In a galaxy far, far away lies an exoplanet circling a binary system that contains a neutron star or black hole.
Astronomers believe they have discovered the first extragalactic exoplanet beyond our own galaxy. The binary system M51-ULS-1, located 28 million light-years away near the heart of the Whirlpool Galaxy (M51), consists of either a neutron star or a black hole tangoing with a more typical companion star.
Astronomers used X-ray data rather than more traditional visual observations to locate the distant planet hidden in this system. “We are trying to open up a whole new arena for finding other worlds by searching for planet candidates at X-ray wavelengths, a strategy that makes it possible to discover them in other galaxies,” said study lead Rosanne Di Stefano of the Harvard-Smithsonian Center for Astrophysics in a press release.
The new study,
which was published in Nature Astronomy, looked at three galaxies: M51, M101, and M104. Using the Chandra X-ray Observatory and the European Space Agency’s XMM-Newton, the team targeted more than 200 total star systems within these galaxies. They discovered only one exoplanet in all of those systems.
So far, researchers have primarily used two methods to identify the over 4,000 confirmed exoplanets. The radial velocity method determines how much a star wobbles when an orbiting planet gently tugs on its stellar host. Even though stars have far more mass than the planets that orbit them, even a small planet can cause its star to move slightly, leaving an imprint in the star’s light.
In contrast, the transit method takes advantage of a planet passing in front of its star. This temporarily dims the starlight by a noticeable amount. Even though planets are much smaller than stars, researchers can detect these delicate but detectable variations in brightness.

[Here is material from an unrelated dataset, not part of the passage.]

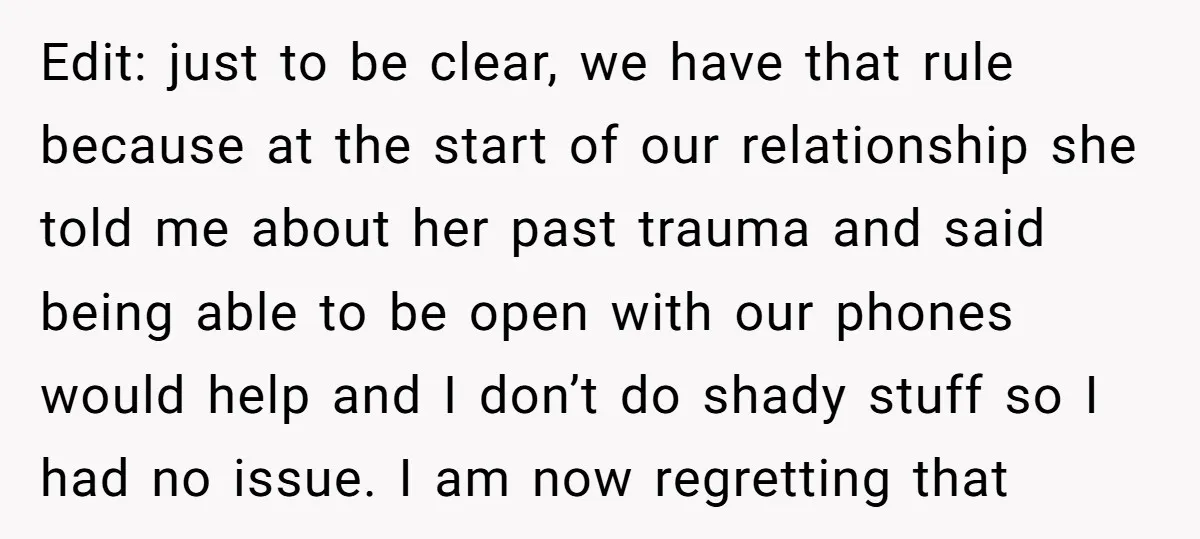 Edit: just to be clear, we have that rule because at the start of our relationship she told me about her past trauma and said being able to be open...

Although both the radial velocity and transit methods are clearly effective, they can only find planets up to about 3,000 light-years from Earth. That is still well within the bounds of our Milky Way galaxy, which spans approximately 100,000 light-years.
To find the first extragalactic planet,
scientists decided to look for passing planets within X-ray binaries. A white dwarf, neutron star, or black hole would pull material from a companion star in these systems. When this material collides with the exotic stellar remnant, it becomes superheated and emits X-rays.

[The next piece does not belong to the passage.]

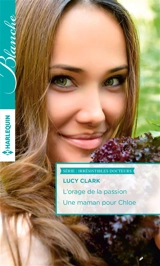 L'orage de la passion. Une maman pour Chloe : irrésistibles docteurs - Lucy Clark
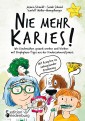 Nie mehr Karies! Wie Kinderzähne gesund werden und bleiben: mit Prophylaxe-Tipps aus der Kinderzahnarztpraxis und ausführlichem Rezepte-Teil zu zahngesunder Ernährung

Unlike optical light transits, where a relatively small planet only blocks a tiny amount of starlight, the area where X-rays are produced in such binary systems is small enough that even a planet can block a significant portion (if not all) of the X-ray light. This means that X-ray transits can be found at much greater distances than visual transits.
The black hole or neutron star
in the M51-ULS-1 system is closely orbited by a star 20 times the mass of the Sun. This makes the system one of the most visible X-ray binaries in M51. Using Chandra data, researchers discovered that the X-rays typically emitted by the system dropped to zero for 3 hours. The researchers believe that a Saturn-sized exoplanet is orbiting the compact object at a distance of 19.2 astronomical units (AU; where 1 AU is the average distance between Earth and the Sun). That is roughly twice the distance between Saturn and the Sun.
Of course, an exoplanet isn’t the only possibility for why the X-ray signal was disrupted. A cloud of dust passing in front of an X-ray source can also obscure it. The researchers did consider this explanation, too, but they ultimately concluded it was less likely than an exoplanet.
Unfortunately, it will take a long time to confirm the extragalactic detection. Because of its large orbit, the candidate will not pass in front of the source for another 70 years.
If M51-ULS-1 is a planet, the Saturn-sized object has a turbulent past.
The presence of a neutron star or black hole indicates that the system once housed not only the current companion star, but also another dying star. This doomed star would have used up all of its fuel before exploding as a supernova, bathing any nearby planets in intense radiation.
And, because the system’s massive current companion star is still alive and well, it’s entirely possible that this extragalactic exoplanet will be forced to survive another destructive supernova in the future.